Sta per compiere il mezzo secolo, ma rimane sempre uno dei festival più giovani e frizzanti d’Europa: il Karlovy Vary Film Festival è partito con il botto mediatico dovuto alla presenza di John Travolta e di Michel Gondry, il che conferma anche in questa 48esima edizione il giusto equilibrio fra star-system e cinema di ricerca.
Il concorso è vario e promettente, e comprende quattordici fra esordi, autori da riscoprire e diversi registi che qui nella cittadina termale ceca hanno già vinto negli anni precedenti.
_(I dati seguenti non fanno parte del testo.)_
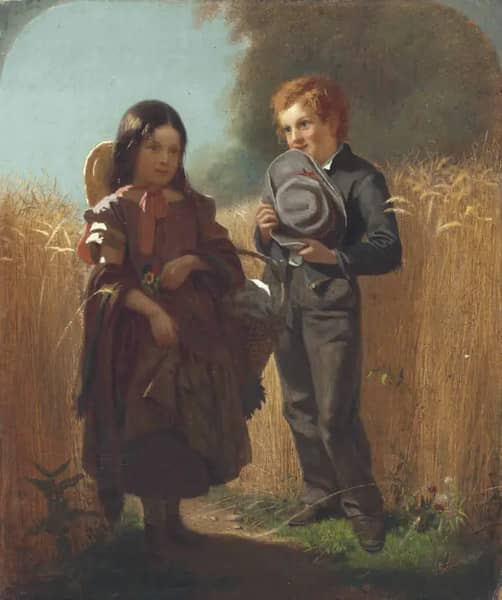 Coming Thro The Rye by John George Brown | Oil Painting Reproduction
Uno di questi è l’israeliano Joseph Madmony, che ci aveva stupito con il suo racconto intimo Il restauratore e torna quest’anno con la vicenda di un uomo che scambia il suo posto in paradiso con un biblico “piatto di lenticchie”, mentre un altro ex-vincitore, il polacco Krauze, scommette nuovamente sulla scoperta di un’artista popolare: qualche anno fa ci aveva fatto conoscere il pittore naif Nikifor, ora è la volta della poetessa zigana Papusza, la prima artista a poetare nella lingua dei Rom.
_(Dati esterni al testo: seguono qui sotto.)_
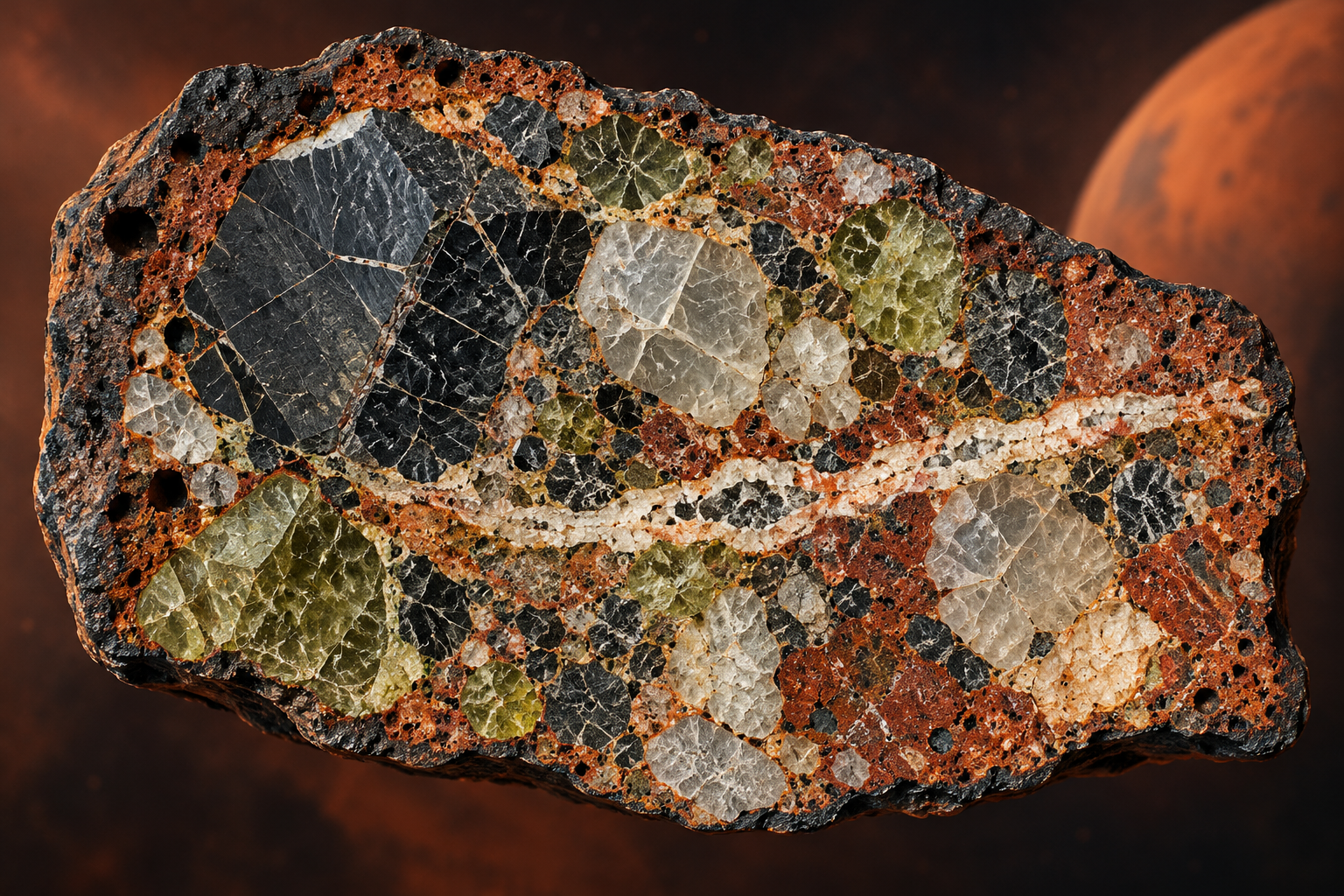 Close cross-section illustration of varied mineral grains and veins in an ancient Martian meteorite.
Fra gli altri registi slavi si registra l’interessante I figli del prete del croato Vinko Bresan, che ha deciso di colpire con una satira religiosa alcuni stereotipi della sua nazione, mentre il paladino di casa Jan Hrebejk deve semplicemente (si spera) ritrovare la vena che gli è propria con il suo Honeymoon, nella speranza che non si adagi di nuovo nelle commediole di poco respiro in cui si è perso negli ultimi anni, e che sembrano piacere ad un certo pubblico ceco senza troppe pretese.
Proseguendo questa suddivisione geografica diremo che pare notevole anche il contributo dei film germanici, con autori pronti a stupire e forse a scioccare: il tedesco Oskar Roehler (lo ricordiamo per Particelle elementari, da Houellebecq) cerca di confermare la fama di enfant terrible con una storia generazionale che mappa tre decenni della Germania postbellica (Le sorgenti della vita), mentre l’islandese Martin Thorsson con XL descrive il tentativo di un politico corrotto e alcolizzato di rimettersi in carreggiata, con uno stile che si promette adrenalinico.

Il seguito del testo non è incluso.